Top of DATA PROVIDED
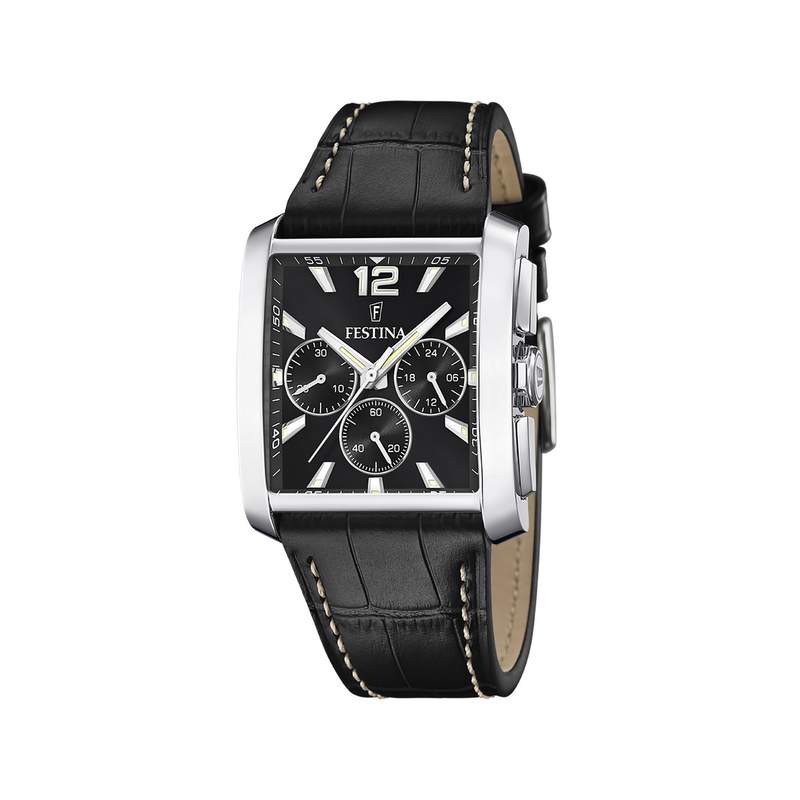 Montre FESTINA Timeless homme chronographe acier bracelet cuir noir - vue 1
Bottom of DATA PROVIDED
Top of DATA PROVIDED
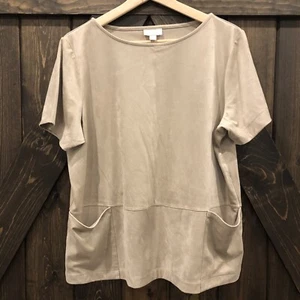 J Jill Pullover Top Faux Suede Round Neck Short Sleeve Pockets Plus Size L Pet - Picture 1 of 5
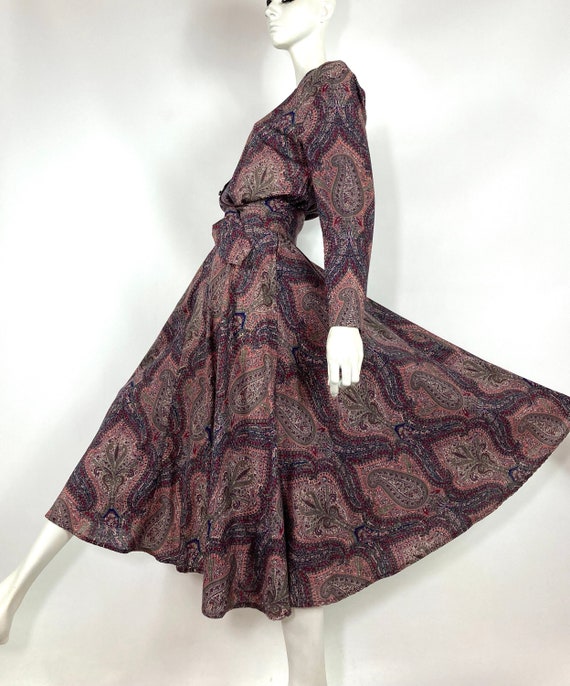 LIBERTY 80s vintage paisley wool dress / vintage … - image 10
Bottom of DATA PROVIDED
WHAT IS BEING ASKED — Once the line with "J Jill Pullover" is found above, print it and every line after it through the line with "LIBERTY 80s vintage", exactly. Pictures stay out.

ANSWER TO THIS TASK —
 J Jill Pullover Top Faux Suede Round Neck Short Sleeve Pockets Plus Size L Pet - Picture 1 of 5
 LIBERTY 80s vintage paisley wool dress / vintage … - image 10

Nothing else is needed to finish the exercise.